If you’ve taken my advice and started keeping your own personal records at work, this will be a piece of cake; however, let’s assume that your records are…nonexistent. In this event, take some time to recall when the problems began and make that your starting point. It can sometimes be difficult to remember the root cause, what with the chaotic nature of work and life, and the balance between the two. Perhaps you were overloaded with work after a colleague quit without warning, and now you’re forced to take on more responsibilities than you can handle within the time constraints of normal business hours. If you feel your performance has slipped below acceptable standards, taking time off to rest your nerves and rediscover your passion for your work can be beneficial for you, as well as for your employer.
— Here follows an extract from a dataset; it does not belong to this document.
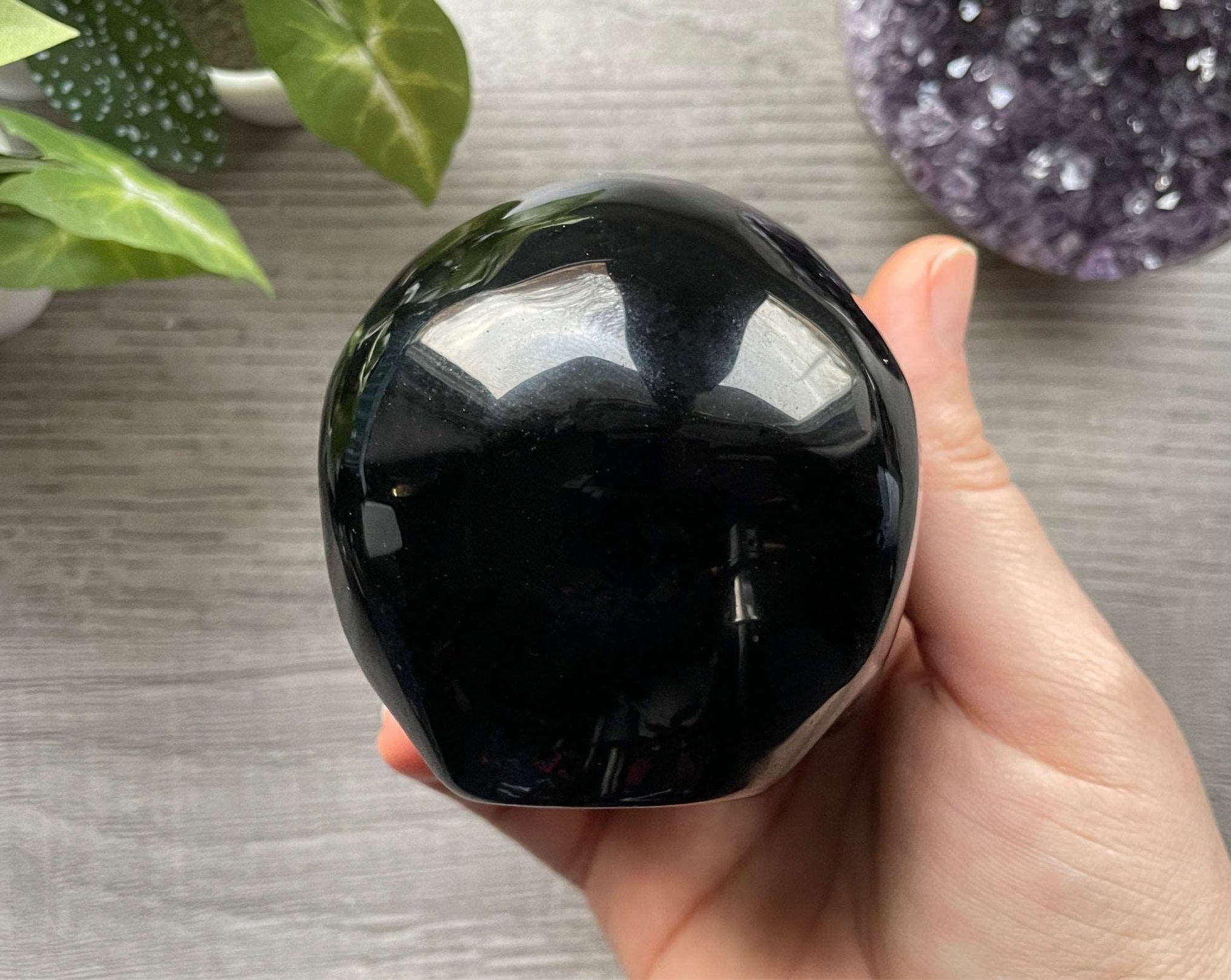 Black Obsidian Crystal Skull (F) - The Wandering Fox Emporium, Your Metaphysical Store back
Now that we’ve identified the pain points, let’s determine exactly how much we are comfortable sharing with our employer. Remember, you are under no obligation whatsoever to share any details of your personal life with anyone, so it’s entirely up to you how far you want to go. The important thing here is including just enough to explain the issue while necessitating the time off. A good rule of thumb is to explain how your situation is hindering your work performance, while leaving out how it has been affecting your personal life.
Next, determine which type of leave best suits your unique situation. When speaking with your employer, it will help to know how long you’d like to take off, and how the leave will benefit both you and your employer. Keep an open mind, as your employer may try to negotiate with you with regards to your leave. Let’s say for example you’re requesting an entire month off and your employer states that your absence will be a major detriment to the company, and then suggests an alternative solution – one week on/one week off for a duration of two months. If you feel that another option such as the example provided would be sufficient, then coming to an agreement with your employer may be the best route to go.
When going over the benefits of your proposed leave, try to provide tangible solutions. For example, if trouble concentrating or completing tasks on time have been major obstacles, explain that the time off will allow you the opportunity to reorganize yourself and your thoughts, and that upon returning to work you will have a renewed sense of purpose and enhanced productivity. An example of a quantifiable solution would be: “Due to burnout, I am only able to complete these tasks within two weeks’ time, but I know I could be completing them much faster if I took a break.” Of course, yours will sound much different than this and may provide more detail, but including metrics makes it easier for your employer to justify the leave. If you’ve been keeping track of your productivity in your personal records, it will be far easier to illustrate this for your employer.
If you don’t feel comfortable going to management about taking leave, you can always visit your Human Resources representative and they will facilitate the meeting in one way or another. HR representatives are also equipped to educate you on what you’re legally obligated to share in order to get the leave you need, while also advising you on what can remain private. This sort of thing can be nerve-racking either way, but just know that if you didn’t feel nervous, there may be a much larger problem lurking beneath the surface. Always remember – you’re human, and this response is totally normal.
When asking for mental health leave, make certain that you’ve done your homework and performed an in-depth analysis of yourself, and your work. Often times, you may just need a short break to spend some time outdoors, but under certain conditions a much longer leave might be necessary for your professional success.